Closed garret-smith closed 9 years ago
Hi Garrett,
Could you test PR #12 ?
This is looking great. Tested 2-node and 3-node setups, where a non-locks node connects to {1,2} other locks nodes.
Thanks for the quick turnaround!
Anything for you, Garrett. ;-)
PR merged into master
locks_leader makes the assumption that all connected nodes are running the 'locks' application. If a node not running 'locks' connects to a node running a locks_leader process, the locks_leader process deadlocks.
Steps to reproduce
Start node 'a'. Start the 'locks' application. Start a locks_leader process.
Observe that the locks_leader process on node 'a' is the leader and responsive.

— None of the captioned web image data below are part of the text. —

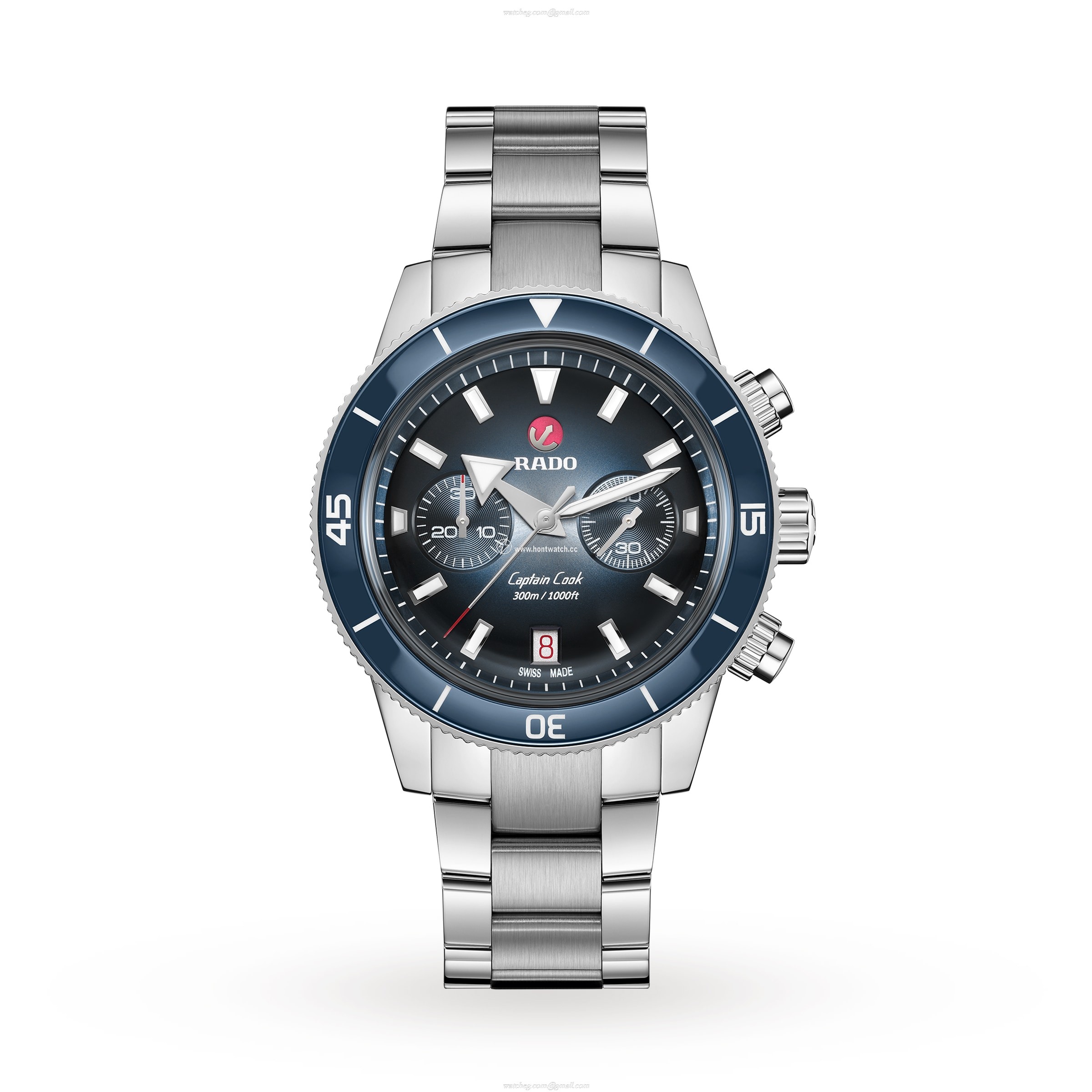 Rado Captain Cook R32145208 | 43mm Automatic Black Dial | Stainless Steel
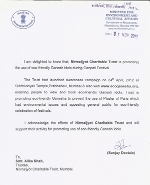 NirmalJyot_letter_of_appreciation_-_Environment_Minister_Government of Maharashtra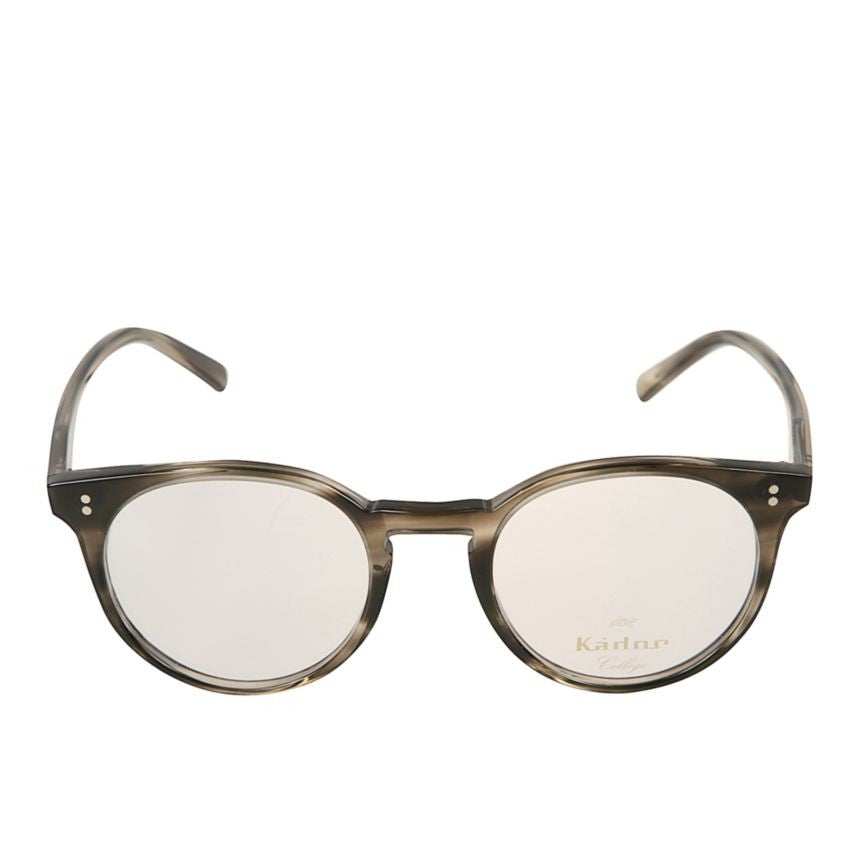 Kador Chyli/N Translucent Smoky Brown Rounded Eyeglasses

Start named node 'b'. Connect to 'a'.
Observe that the locks_leader process on node 'a' is now stuck in safe_loop and no longer responds to normal messages.
Investigation
locks_leader receives nodeup message, processed on line 558 of locks_leader.erl The new node is not in nodes, so include_node (line 693) is called. include_node calls locks_agent:lock_nowait locks_agent sends a {locksagent, , 'waiting'} message, handled on line 571 Process gives up leadership, causing it to enter safe_loop, but a response from the newly connected node will never come since it is not running 'locks'.
I'm not sure what to do next. I don't know the locks application well enough to attempt a fix. Any guidance would be helpful.